**ENTRIES SHOWN**
────────

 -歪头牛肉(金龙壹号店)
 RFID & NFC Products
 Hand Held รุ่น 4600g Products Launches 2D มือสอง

────────

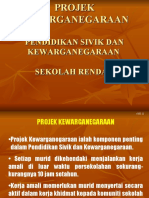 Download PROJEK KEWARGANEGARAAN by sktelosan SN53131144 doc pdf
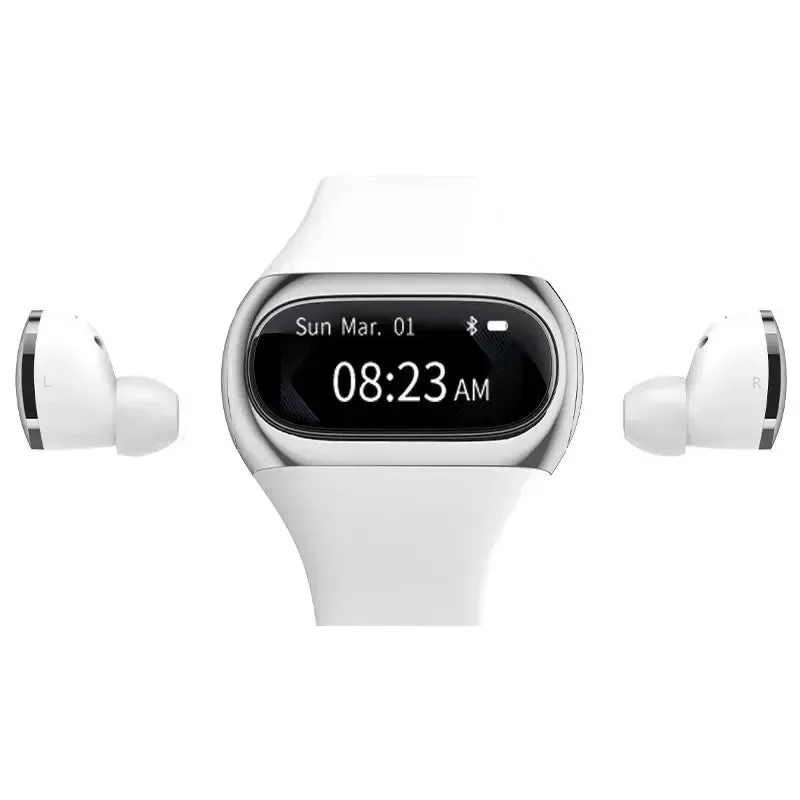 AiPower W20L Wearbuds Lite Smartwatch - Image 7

────────

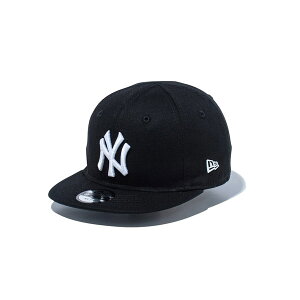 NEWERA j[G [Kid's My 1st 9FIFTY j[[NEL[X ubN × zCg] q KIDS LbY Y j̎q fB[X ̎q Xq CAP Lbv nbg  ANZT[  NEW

────────

**ACTIVITY**
Figure out how many lines of the listing above include "Products"; the answer is that number alone.

**SOLUTION FOR THIS EXERCISE**
2